— Вы уже раньше работали с ТНТ над «Нашей Рашей». Изменился ли телеканал с тех времен? Каково было вновь вернуться к сотрудничеству?
— Обе мои работы на ТНТ были связаны с одним и тем же продюсером и автором — это Семен Слепаков. Он меня пригласил в «Нашу Рашу», которая была очень успешной, интересной и здорово написанной. И я тогда пошел ее делать, в далеком, по-моему, 2007-м или 2008-м…
И вот, спустя десять лет Семен опять предложил мне совместную работу, позвал меня режиссером на этот проект — уже кинопроект. Объясню, почему для меня это кинопроект. Потому что это эволюция Семена вместе с каналом. Потому что ТНТ и безотносительно меня производил разные сериалы.
Единственное, что формата такого не было, полнометражного. 70 минут — это новый формат, который возник у нас на проекте. Это связано с тем, что истории, которые рассказываются в каждой серии, являются полноценными вот такими фильмами. И резать их, исходя из хронометража в 24 или 48 минут, было неправильно. Потому что истории начали бы меняться, структура бы посыпалась. А так получилось, что Семен и его соавтор Максим [Туханин] сделали каждый эпизод как отдельную законченную историю.
Поэтому, если возвращаться к каналу ТНТ, то канал, конечно, эволюционировал очень сильно. Если раньше средства вкладывались в истории комедийного жанра, понятного — вроде Comedy Club и, собственно, ситкомов, в которые я пришел работать, — то со временем канал стал разворачиваться в сторону полнометражных сериальных проектов.
У нас разброс жанров: от драмы до комедии. Героям нужно больше времени для проживания, больше времени для проявления их взаимоотношений. На это канал раньше не шел. То есть, это в чистом виде были ситкомы, где закадровым смехом зрителю четко намекали, где смеяться, а где нужно передохнуть и что-то сделать.
— Вытекает как раз вопрос. На Западе, особенно в США, как раз очень многие и серьезные режиссеры, и серьезные актеры идут в сериалы. Может быть, не уходят полностью, но параллельно с художественными фильмами работают на телевидении. Как в России с этим обстоит, мы только начинаем?
— Только начинаем. Потому что такого уровня сериалов у нас, на ТНТ, не было. Очень хороший вопрос. Потому что «Домашний арест» снят с киношным подходом.

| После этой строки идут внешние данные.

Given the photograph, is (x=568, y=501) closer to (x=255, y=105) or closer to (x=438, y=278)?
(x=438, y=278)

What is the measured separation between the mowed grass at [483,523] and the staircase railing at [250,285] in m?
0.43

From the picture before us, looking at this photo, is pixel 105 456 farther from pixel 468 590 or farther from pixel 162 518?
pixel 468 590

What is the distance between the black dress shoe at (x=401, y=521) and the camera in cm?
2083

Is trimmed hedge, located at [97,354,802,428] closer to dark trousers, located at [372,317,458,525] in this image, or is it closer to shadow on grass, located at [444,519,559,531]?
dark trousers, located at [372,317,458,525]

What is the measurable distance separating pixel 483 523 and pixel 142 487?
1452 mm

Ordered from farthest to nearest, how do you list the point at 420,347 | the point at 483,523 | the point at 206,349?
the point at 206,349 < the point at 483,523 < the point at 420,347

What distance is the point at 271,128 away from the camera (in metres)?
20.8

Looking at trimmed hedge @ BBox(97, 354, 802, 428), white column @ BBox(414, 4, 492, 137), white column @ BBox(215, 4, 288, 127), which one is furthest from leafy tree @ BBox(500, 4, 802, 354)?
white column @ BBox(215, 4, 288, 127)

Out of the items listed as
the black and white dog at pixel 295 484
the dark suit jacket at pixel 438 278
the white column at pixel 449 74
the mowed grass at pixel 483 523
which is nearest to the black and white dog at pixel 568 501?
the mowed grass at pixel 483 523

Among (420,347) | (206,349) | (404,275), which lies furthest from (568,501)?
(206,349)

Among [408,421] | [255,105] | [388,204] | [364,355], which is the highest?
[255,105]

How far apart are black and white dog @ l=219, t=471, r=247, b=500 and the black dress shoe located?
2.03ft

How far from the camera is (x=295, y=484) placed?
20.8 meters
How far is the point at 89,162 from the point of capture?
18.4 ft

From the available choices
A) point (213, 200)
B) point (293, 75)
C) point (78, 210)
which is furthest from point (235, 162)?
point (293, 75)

— Абсолютно, да. Во всех отношениях.
— А это дополнительные средства, дополнительное время. Потому что это не то мыло, которое закупали в невероятных количествах на заре телевидения, — и не те лекала, которые были с этого мыла потом скроены. Включаешь камеру — и она поливает, льет, на манер воды из шланга. В кино у нас это называется полив, вода течет – съемка идет. Cейчас это все по-другому. И очень хорошо, что так происходит. Потому что в современном мире, в 21-м веке, понятие кино изменилось. Современное кино ассоциируется с блокбастерами, а это значит, что кино стало динамичным, сверхбыстрым процессом, я говорю про количество склеек в сцене и про количество кадров в целом. Оно стало зрелищным и суперкомпьютерным, полностью под спецэффектами. Это большие деньги.

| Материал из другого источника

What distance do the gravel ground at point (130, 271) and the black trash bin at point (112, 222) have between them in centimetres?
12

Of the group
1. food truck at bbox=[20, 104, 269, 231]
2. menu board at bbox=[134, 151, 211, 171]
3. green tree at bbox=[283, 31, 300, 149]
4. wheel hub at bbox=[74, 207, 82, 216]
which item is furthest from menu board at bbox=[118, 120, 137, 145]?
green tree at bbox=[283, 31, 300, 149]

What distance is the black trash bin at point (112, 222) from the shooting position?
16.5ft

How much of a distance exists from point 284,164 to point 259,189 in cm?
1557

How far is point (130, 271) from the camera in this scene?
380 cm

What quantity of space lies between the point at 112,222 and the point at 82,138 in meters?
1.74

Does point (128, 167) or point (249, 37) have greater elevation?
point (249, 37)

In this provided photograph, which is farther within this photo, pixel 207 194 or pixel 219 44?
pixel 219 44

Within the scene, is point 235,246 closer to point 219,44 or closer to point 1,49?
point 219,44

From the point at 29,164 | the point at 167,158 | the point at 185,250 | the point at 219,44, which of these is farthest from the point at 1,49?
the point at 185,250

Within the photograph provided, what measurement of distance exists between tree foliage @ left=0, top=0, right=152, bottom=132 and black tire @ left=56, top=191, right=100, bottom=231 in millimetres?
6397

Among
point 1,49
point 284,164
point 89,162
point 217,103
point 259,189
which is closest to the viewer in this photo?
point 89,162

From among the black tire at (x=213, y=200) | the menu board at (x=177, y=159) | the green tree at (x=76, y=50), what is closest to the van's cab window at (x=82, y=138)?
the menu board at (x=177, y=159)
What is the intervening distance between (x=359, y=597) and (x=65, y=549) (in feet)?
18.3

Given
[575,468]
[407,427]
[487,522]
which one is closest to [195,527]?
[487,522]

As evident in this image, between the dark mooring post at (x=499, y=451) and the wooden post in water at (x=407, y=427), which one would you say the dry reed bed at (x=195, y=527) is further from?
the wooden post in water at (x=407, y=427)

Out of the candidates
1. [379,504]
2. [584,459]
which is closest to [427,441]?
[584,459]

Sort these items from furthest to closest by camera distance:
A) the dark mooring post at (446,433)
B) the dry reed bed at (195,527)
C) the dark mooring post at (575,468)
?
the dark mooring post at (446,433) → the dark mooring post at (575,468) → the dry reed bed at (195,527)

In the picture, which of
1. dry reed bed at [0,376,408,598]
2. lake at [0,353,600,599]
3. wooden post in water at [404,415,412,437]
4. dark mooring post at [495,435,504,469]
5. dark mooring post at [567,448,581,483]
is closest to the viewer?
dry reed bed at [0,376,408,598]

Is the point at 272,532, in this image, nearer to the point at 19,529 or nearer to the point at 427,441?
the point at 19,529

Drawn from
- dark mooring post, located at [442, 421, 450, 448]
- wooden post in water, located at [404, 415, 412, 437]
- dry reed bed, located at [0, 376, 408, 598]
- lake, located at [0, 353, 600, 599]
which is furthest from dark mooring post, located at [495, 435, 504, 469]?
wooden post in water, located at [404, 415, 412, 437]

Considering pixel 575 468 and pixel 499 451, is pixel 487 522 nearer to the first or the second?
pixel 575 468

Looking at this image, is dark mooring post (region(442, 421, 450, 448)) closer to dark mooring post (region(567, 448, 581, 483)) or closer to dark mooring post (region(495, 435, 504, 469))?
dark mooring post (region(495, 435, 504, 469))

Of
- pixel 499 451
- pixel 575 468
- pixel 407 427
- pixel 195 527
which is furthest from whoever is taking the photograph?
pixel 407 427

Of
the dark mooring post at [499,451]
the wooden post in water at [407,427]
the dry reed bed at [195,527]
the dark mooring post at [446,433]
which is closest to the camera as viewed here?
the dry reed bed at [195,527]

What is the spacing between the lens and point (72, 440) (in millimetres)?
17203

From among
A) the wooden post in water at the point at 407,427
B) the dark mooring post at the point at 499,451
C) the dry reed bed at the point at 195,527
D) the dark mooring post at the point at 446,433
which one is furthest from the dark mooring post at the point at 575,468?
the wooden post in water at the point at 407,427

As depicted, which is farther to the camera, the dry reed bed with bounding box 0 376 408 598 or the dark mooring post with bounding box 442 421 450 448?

Там нет места полноценному развитию драмы и мелодрамы. Настоящая история — она может быть любой, драматической или какой угодно, — для того, чтобы ее рассказать, чтобы зритель переживал, как раньше в кино, требуется время и подключение. То сегментарное выстраивание контакта со зрителем, которое сегодня происходит в кино, утрачивает свое взаимодействие. Думающему зрителю нужно больше времени.

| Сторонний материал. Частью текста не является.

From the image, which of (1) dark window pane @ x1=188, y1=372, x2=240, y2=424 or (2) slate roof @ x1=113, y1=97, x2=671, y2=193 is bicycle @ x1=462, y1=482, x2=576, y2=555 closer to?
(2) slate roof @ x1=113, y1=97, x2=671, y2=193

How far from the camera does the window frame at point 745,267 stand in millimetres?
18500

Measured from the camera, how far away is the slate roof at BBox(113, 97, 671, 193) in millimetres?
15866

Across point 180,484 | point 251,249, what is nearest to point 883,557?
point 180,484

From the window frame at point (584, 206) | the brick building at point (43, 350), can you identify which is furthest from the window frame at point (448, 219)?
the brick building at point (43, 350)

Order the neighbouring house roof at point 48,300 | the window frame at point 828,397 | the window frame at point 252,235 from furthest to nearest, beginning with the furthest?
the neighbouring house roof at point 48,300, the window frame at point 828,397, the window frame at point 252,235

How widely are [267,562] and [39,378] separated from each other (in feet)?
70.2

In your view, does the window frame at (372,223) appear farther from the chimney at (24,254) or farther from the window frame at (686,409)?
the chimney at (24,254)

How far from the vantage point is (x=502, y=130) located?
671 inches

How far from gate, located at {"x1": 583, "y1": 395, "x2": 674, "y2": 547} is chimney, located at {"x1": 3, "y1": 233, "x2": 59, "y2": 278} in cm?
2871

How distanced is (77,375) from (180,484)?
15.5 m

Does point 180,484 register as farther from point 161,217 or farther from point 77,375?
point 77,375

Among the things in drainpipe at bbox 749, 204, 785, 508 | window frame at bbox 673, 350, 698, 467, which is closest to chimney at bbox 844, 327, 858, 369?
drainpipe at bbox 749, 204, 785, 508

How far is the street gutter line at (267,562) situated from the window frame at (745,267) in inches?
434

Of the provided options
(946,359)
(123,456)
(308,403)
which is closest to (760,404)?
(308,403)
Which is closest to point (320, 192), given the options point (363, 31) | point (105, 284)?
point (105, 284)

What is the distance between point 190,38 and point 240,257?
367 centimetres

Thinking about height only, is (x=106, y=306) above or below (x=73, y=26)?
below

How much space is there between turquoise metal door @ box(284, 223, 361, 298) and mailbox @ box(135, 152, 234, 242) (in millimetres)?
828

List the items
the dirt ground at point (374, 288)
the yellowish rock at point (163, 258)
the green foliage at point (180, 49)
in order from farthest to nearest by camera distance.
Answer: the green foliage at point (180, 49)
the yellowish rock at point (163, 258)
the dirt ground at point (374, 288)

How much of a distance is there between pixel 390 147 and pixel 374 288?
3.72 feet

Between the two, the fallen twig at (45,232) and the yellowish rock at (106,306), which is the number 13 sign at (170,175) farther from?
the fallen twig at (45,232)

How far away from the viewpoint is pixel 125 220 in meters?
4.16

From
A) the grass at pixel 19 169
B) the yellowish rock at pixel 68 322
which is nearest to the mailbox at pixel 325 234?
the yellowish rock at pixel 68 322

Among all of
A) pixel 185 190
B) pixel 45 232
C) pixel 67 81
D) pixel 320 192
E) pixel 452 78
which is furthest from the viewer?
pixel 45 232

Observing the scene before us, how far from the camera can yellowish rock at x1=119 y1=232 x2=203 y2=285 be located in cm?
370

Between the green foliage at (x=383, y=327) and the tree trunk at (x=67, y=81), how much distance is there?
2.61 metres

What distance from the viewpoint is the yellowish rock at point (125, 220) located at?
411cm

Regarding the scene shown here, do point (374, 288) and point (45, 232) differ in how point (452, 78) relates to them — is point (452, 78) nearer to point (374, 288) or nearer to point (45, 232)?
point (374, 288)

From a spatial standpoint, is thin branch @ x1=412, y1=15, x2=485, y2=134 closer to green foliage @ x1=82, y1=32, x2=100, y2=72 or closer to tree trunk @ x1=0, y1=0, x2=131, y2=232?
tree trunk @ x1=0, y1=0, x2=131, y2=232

Есть спектакль, он идет полтора часа — некоторые по три, с антрактом. Для того, чтобы прожить какое-то состояние, страх, любовь, ненависть, предательство, человек должен это пережить. Это не ускоряется никак. Мы, люди, меняемся, потому что время меняется. Но эти вещи незыблемы. Мы не можем себя перепрошить и быстро заплакать, быстро пропереживать. Поэтому на мой взгляд, человеческая история уходит на телевидение, там больше экранного времени.
Поэтому телевидению, в том виде, в котором оно есть, нужно меняться, нужно вкладывать деньги, вкладывать в актеров, покупать хорошие истории — либо доставать классику и с этим работать.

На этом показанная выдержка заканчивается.